▶ _Activity_:
Repeat the entire listing exactly. Omit all pictures.

▶ _Input data_:
↓↓↓

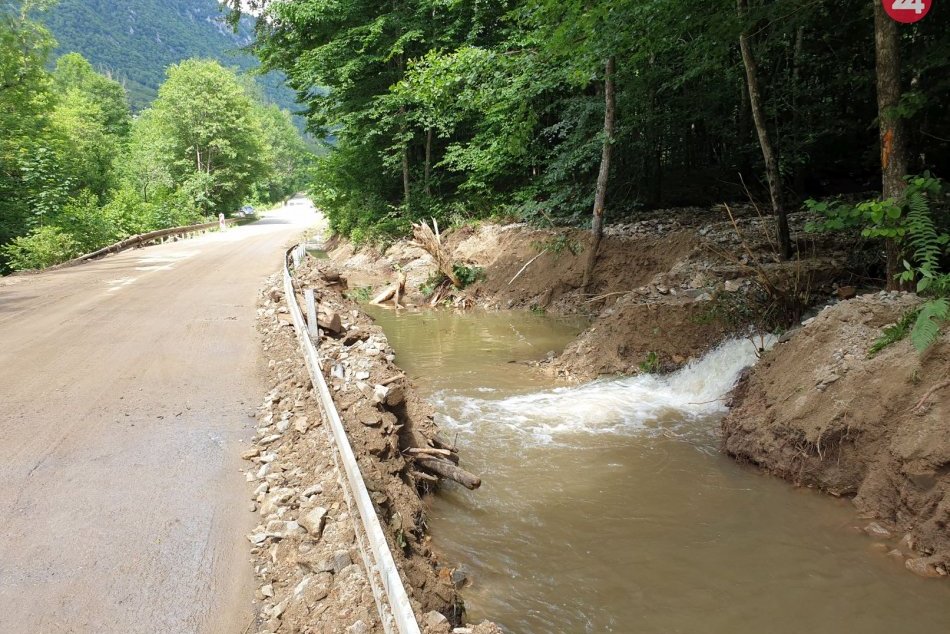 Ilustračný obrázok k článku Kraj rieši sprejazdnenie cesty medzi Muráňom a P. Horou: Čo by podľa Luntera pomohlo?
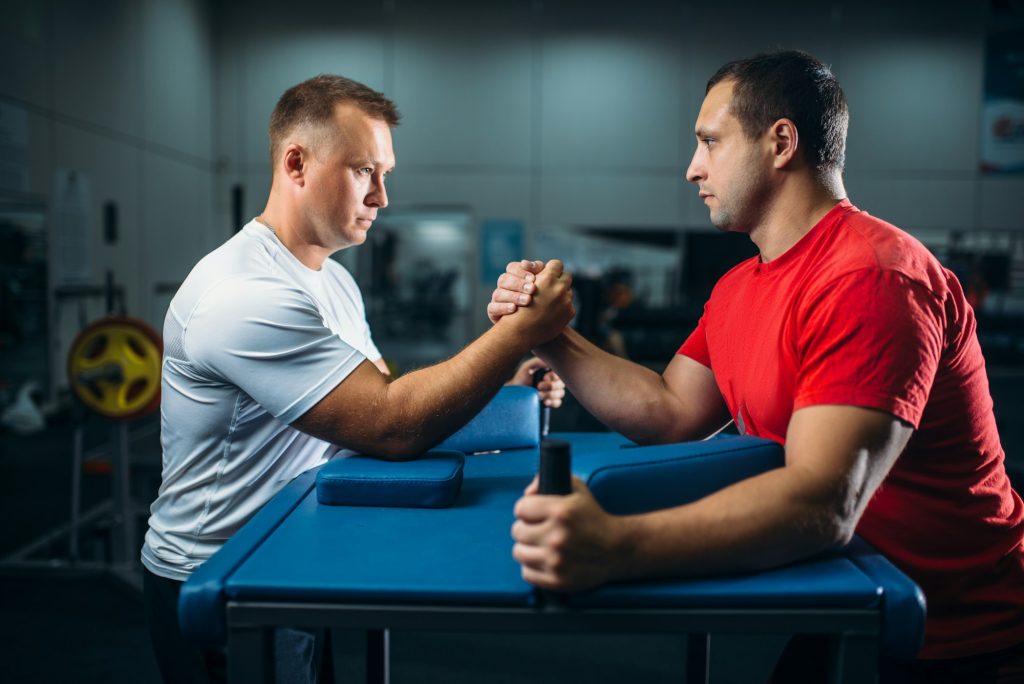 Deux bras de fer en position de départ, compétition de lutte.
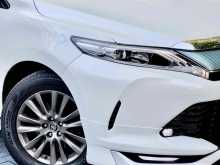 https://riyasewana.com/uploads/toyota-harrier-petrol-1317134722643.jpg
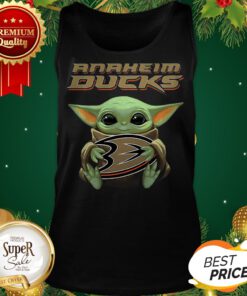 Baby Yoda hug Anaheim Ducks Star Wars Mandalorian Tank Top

↑↑↑

▶ _Exercise response_:
 Ilustračný obrázok k článku Kraj rieši sprejazdnenie cesty medzi Muráňom a P. Horou: Čo by podľa Luntera pomohlo?
 Deux bras de fer en position de départ, compétition de lutte.
 https://riyasewana.com/uploads/toyota-harrier-petrol-1317134722643.jpg
 Baby Yoda hug Anaheim Ducks Star Wars Mandalorian Tank Top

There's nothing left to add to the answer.